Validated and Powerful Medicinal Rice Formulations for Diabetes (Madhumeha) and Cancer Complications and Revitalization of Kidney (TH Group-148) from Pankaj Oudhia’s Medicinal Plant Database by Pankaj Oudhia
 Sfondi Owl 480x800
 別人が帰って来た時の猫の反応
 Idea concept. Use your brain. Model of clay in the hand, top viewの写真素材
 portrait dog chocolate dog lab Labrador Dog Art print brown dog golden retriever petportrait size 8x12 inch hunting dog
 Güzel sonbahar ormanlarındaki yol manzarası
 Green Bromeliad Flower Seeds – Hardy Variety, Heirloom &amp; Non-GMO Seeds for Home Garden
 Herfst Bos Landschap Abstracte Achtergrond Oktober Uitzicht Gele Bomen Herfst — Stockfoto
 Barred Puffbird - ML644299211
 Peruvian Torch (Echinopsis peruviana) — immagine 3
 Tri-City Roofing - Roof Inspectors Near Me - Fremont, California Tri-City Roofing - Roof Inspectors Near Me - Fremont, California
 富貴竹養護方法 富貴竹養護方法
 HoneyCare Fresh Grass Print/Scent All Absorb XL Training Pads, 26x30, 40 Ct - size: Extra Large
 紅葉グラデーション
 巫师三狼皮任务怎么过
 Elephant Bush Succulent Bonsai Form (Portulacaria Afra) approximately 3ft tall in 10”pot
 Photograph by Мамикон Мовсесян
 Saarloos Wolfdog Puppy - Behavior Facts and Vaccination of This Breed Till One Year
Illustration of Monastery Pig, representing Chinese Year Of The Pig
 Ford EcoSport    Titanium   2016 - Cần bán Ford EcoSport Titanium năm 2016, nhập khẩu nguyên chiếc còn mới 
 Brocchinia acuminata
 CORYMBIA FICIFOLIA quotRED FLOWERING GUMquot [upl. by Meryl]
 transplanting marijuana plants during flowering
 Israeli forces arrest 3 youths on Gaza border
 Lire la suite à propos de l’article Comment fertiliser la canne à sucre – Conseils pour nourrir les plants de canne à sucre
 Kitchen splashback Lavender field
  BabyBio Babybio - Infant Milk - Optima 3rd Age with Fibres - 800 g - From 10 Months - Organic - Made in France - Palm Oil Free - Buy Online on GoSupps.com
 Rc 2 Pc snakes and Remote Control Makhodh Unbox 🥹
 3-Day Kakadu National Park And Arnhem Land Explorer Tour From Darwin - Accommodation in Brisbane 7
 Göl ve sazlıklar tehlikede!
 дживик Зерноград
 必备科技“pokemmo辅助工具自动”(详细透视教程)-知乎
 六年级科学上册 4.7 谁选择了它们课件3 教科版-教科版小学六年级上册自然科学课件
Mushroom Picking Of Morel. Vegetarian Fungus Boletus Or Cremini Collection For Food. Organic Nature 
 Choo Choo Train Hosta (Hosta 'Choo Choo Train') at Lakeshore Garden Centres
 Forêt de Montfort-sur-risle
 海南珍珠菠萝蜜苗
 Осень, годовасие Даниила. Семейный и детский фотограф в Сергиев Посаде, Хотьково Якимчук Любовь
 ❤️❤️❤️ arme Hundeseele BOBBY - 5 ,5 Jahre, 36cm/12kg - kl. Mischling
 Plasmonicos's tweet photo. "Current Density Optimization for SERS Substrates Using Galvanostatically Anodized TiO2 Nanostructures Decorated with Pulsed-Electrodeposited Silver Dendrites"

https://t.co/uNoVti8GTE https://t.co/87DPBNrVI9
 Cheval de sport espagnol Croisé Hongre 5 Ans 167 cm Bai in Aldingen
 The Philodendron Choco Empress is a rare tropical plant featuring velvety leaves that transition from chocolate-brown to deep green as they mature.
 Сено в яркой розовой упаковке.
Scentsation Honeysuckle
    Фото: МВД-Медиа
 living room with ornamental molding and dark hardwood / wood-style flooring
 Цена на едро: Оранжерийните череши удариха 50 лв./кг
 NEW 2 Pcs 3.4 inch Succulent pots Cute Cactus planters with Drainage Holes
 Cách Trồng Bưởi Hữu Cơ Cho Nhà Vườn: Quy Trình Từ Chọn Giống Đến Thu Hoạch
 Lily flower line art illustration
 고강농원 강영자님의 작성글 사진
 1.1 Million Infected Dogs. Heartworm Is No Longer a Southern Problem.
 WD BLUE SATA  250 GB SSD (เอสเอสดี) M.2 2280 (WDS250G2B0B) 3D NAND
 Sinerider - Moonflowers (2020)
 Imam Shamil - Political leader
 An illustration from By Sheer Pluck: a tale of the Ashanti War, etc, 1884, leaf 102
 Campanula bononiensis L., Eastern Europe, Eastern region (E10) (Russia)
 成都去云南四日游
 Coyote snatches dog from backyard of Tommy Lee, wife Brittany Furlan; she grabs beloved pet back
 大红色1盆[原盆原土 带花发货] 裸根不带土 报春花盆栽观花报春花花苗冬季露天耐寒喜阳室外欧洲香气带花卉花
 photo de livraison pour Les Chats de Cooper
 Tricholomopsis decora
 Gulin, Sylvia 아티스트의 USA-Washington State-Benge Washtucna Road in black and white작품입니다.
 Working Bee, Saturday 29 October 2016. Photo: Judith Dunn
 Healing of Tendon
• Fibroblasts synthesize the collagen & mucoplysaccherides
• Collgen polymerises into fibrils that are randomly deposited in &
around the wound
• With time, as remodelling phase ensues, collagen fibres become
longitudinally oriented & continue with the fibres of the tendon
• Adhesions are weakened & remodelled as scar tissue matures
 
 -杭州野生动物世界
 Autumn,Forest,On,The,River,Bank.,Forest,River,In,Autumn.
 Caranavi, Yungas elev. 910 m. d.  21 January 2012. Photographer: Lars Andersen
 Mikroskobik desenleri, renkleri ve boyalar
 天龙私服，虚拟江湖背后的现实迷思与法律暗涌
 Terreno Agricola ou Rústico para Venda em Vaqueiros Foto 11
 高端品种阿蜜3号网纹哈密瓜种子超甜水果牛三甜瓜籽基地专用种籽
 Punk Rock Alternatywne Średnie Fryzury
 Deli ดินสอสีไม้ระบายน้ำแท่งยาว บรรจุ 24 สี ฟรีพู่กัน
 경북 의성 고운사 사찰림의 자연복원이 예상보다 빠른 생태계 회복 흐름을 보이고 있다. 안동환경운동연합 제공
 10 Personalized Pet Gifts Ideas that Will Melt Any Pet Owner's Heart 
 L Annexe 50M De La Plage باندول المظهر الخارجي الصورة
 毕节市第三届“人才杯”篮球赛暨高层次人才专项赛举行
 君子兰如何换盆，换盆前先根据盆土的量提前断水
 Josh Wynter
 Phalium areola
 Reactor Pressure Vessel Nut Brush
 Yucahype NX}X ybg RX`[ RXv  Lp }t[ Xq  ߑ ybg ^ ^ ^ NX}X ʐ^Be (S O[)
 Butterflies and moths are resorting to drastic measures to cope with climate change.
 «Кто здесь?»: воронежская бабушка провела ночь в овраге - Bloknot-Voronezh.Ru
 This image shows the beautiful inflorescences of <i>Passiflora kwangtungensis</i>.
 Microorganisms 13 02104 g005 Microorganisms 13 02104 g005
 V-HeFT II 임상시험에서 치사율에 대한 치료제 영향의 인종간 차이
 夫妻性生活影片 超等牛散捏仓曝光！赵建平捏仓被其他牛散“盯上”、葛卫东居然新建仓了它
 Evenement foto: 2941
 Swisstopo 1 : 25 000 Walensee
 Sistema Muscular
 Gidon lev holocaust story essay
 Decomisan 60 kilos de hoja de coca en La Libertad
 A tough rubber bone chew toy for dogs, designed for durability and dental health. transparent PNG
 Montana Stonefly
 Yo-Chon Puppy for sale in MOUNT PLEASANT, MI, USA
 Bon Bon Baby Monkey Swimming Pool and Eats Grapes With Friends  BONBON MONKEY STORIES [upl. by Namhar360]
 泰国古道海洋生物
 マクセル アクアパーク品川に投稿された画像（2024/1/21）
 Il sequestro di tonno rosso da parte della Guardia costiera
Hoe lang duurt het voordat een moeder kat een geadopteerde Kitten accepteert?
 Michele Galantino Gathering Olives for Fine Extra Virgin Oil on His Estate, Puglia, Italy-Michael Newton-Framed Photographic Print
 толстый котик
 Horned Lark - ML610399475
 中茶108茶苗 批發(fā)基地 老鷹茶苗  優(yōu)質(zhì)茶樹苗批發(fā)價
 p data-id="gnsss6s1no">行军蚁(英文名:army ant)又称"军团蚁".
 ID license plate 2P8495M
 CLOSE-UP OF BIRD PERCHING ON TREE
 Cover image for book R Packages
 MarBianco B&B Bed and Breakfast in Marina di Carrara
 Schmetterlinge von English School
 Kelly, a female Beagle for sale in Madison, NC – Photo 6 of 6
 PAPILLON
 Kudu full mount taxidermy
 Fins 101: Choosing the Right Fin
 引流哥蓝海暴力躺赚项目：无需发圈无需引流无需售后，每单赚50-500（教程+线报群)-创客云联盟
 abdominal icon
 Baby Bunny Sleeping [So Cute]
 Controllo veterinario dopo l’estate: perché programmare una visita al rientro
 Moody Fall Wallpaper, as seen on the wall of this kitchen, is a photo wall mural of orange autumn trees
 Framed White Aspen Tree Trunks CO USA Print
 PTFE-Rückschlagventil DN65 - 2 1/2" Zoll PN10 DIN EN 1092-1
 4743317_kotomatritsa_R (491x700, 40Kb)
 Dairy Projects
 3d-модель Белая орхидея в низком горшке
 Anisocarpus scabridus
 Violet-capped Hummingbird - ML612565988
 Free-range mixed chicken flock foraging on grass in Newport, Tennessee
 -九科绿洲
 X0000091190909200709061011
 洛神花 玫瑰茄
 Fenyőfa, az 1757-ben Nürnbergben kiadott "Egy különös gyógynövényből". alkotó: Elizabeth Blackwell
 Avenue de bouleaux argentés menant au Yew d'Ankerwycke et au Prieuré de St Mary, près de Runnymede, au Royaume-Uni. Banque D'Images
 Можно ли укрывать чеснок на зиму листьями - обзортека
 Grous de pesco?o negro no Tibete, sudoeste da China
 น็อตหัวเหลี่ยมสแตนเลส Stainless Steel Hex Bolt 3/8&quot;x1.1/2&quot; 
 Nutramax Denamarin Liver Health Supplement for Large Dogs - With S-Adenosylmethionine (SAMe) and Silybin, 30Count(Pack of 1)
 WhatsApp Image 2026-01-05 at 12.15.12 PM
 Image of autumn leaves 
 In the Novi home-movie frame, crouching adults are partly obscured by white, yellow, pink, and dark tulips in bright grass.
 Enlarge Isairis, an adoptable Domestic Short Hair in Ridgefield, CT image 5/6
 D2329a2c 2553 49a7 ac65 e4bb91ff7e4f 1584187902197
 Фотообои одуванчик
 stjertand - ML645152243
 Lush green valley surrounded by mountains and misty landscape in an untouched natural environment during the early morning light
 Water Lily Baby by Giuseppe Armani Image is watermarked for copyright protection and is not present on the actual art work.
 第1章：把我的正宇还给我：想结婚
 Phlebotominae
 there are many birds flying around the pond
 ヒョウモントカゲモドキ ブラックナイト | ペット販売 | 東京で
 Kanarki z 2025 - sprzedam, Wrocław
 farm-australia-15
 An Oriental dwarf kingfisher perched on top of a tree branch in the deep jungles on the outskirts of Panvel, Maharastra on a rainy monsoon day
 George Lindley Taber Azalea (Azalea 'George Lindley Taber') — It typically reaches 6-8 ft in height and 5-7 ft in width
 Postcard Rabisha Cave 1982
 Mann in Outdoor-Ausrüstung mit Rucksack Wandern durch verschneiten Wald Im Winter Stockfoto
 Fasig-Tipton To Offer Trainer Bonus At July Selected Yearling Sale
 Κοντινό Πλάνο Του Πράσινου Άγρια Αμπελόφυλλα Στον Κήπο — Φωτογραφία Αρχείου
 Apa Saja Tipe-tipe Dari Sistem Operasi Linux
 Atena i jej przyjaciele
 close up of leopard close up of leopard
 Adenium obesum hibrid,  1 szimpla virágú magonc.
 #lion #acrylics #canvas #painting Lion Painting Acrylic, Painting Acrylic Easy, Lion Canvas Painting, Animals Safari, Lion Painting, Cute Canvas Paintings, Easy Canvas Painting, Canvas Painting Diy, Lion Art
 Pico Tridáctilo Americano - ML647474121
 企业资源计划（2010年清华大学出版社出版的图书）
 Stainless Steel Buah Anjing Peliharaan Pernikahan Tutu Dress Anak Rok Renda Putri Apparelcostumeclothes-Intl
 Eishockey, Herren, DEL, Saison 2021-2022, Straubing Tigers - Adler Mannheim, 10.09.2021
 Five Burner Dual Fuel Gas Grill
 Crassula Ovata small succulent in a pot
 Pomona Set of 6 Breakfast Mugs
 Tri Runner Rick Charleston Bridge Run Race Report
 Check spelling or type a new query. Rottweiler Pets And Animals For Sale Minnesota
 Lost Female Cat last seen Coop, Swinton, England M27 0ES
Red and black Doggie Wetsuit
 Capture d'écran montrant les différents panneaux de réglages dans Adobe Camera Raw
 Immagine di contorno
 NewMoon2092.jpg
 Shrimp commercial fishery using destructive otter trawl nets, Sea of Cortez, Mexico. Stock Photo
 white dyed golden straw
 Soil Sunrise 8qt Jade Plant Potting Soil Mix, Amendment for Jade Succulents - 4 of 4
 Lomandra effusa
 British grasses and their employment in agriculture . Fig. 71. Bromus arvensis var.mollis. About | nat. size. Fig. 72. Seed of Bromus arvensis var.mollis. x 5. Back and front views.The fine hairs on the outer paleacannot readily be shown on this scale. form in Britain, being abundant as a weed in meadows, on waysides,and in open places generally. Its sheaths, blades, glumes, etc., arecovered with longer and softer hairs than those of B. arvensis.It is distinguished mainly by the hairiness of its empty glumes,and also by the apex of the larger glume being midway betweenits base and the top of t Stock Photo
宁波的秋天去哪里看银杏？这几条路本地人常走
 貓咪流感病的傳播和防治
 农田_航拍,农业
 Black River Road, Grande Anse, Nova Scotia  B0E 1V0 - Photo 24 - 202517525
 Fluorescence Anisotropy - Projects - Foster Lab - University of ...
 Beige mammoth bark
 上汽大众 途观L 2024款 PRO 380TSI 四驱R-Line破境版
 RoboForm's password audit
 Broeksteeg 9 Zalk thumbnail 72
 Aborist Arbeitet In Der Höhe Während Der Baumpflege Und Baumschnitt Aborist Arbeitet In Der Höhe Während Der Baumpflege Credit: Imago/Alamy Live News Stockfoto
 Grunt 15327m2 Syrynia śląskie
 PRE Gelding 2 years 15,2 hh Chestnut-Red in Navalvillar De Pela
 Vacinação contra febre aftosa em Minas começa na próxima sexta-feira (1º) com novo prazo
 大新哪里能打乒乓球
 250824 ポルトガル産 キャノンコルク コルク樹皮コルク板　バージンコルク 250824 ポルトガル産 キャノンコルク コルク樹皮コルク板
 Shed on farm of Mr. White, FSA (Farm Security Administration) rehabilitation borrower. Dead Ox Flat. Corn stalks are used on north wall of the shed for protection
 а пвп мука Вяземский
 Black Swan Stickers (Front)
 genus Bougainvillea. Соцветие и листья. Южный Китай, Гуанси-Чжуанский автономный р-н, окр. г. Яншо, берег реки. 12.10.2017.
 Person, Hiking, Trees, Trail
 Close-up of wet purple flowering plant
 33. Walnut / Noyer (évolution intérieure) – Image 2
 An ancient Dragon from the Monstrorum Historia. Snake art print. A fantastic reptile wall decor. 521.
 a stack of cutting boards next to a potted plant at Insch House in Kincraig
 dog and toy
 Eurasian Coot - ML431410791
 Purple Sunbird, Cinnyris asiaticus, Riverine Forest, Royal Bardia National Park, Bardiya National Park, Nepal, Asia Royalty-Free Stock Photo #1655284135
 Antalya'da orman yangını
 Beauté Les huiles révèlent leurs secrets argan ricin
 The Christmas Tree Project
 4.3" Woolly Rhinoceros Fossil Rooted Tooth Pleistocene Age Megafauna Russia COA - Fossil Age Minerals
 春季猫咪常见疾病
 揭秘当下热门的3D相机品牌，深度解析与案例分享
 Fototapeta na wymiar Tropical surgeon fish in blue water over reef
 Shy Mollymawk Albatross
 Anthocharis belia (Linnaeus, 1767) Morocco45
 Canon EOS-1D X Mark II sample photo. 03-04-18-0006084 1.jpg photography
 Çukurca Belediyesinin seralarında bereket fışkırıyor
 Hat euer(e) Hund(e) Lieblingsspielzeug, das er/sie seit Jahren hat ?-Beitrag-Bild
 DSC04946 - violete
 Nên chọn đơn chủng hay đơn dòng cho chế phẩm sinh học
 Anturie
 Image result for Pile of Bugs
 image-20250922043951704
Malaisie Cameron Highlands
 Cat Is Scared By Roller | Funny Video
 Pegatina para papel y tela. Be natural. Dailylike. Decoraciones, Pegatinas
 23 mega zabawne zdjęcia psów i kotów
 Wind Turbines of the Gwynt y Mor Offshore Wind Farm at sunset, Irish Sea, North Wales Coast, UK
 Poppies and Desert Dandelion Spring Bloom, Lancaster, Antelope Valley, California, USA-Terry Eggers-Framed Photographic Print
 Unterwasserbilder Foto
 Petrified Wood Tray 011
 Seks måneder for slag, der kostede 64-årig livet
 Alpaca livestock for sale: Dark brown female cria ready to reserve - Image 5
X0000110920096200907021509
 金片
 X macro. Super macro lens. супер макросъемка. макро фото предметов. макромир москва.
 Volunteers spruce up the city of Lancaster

* **Exercise aim**: Nothing but the lines above from the one containing "Brocchinia acuminata" through the one containing "Mushroom Picking Of" should appear in the answer, each repeated exactly.

* **Finished exercise**:
 Brocchinia acuminata
 CORYMBIA FICIFOLIA quotRED FLOWERING GUMquot [upl. by Meryl]
 transplanting marijuana plants during flowering
 Israeli forces arrest 3 youths on Gaza border
 Lire la suite à propos de l’article Comment fertiliser la canne à sucre – Conseils pour nourrir les plants de canne à sucre
 Kitchen splashback Lavender field
  BabyBio Babybio - Infant Milk - Optima 3rd Age with Fibres - 800 g - From 10 Months - Organic - Made in France - Palm Oil Free - Buy Online on GoSupps.com
 Rc 2 Pc snakes and Remote Control Makhodh Unbox 🥹
 3-Day Kakadu National Park And Arnhem Land Explorer Tour From Darwin - Accommodation in Brisbane 7
 Göl ve sazlıklar tehlikede!
 дживик Зерноград
 必备科技“pokemmo辅助工具自动”(详细透视教程)-知乎
 六年级科学上册 4.7 谁选择了它们课件3 教科版-教科版小学六年级上册自然科学课件
Mushroom Picking Of Morel. Vegetarian Fungus Boletus Or Cremini Collection For Food. Organic Nature 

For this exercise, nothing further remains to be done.